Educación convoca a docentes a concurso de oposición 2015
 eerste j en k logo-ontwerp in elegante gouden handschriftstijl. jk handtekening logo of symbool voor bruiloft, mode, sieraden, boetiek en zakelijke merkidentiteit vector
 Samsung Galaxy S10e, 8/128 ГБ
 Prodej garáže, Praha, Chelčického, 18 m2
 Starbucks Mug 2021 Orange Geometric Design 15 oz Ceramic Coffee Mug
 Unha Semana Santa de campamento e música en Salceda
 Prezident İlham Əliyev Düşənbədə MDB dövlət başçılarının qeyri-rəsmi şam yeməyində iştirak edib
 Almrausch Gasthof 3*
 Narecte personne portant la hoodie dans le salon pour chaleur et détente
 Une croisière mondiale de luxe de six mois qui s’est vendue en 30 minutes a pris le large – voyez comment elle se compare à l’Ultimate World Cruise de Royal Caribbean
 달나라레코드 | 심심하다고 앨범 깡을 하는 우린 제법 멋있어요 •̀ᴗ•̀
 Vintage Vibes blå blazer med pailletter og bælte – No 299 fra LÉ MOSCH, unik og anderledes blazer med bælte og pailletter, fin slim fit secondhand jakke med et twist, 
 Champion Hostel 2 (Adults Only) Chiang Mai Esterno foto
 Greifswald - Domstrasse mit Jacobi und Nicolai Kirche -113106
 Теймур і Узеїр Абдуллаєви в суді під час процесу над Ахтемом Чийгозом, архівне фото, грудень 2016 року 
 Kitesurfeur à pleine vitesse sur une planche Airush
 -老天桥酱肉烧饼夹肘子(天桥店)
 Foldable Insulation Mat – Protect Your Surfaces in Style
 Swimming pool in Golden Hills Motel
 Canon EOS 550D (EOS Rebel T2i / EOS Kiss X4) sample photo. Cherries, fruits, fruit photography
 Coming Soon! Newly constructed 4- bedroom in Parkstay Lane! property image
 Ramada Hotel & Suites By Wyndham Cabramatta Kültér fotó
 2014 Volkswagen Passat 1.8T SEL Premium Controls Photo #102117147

Prompt: Set down, exactly as they stand above, the lines starting with the line with "Samsung Galaxy S10e, 8/128 ГБ" and going on through the line with "Narecte personne portant", and no others.

Answer to this task:
 Samsung Galaxy S10e, 8/128 ГБ
 Prodej garáže, Praha, Chelčického, 18 m2
 Starbucks Mug 2021 Orange Geometric Design 15 oz Ceramic Coffee Mug
 Unha Semana Santa de campamento e música en Salceda
 Prezident İlham Əliyev Düşənbədə MDB dövlət başçılarının qeyri-rəsmi şam yeməyində iştirak edib
 Almrausch Gasthof 3*
 Narecte personne portant la hoodie dans le salon pour chaleur et détente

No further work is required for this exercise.